[[ Extracted data, beginning ]]

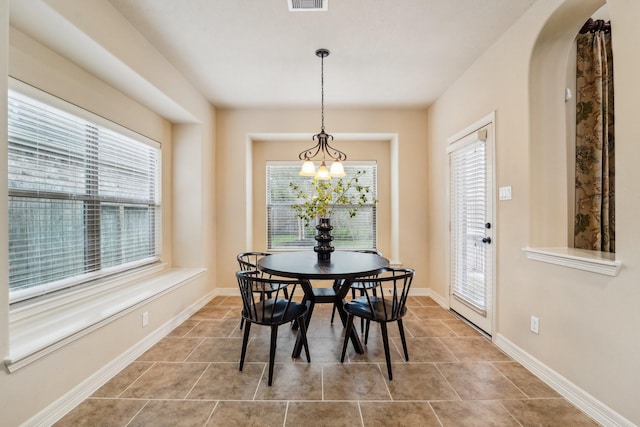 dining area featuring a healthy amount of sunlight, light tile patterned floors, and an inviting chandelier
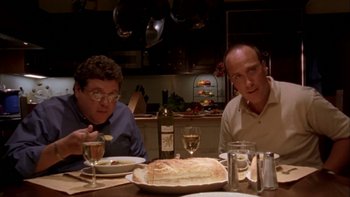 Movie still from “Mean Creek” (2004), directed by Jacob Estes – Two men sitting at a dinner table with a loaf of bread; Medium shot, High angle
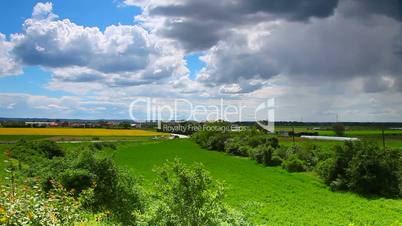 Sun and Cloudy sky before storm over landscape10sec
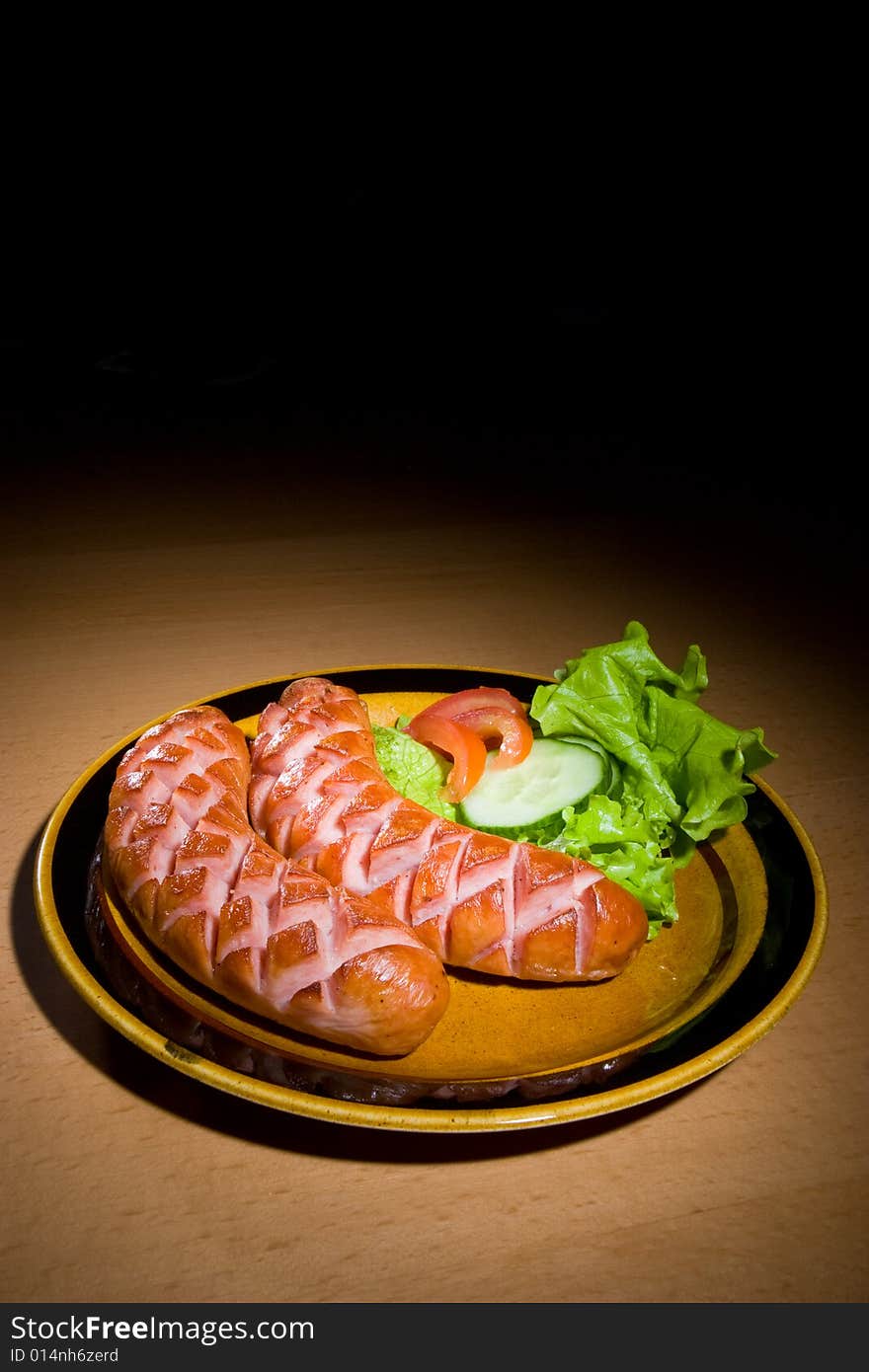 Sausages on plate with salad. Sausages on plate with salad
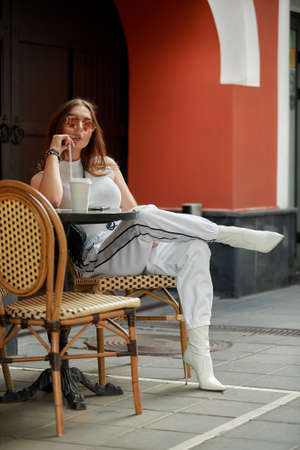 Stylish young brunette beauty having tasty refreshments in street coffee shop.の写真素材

[[ Extracted data, end ]]

Task details: Transcribe the records above verbatim. Do not carry over any picture.

Solved exercise:
 dining area featuring a healthy amount of sunlight, light tile patterned floors, and an inviting chandelier
 Movie still from “Mean Creek” (2004), directed by Jacob Estes – Two men sitting at a dinner table with a loaf of bread; Medium shot, High angle
 Sun and Cloudy sky before storm over landscape10sec
 Sausages on plate with salad. Sausages on plate with salad
 Stylish young brunette beauty having tasty refreshments in street coffee shop.の写真素材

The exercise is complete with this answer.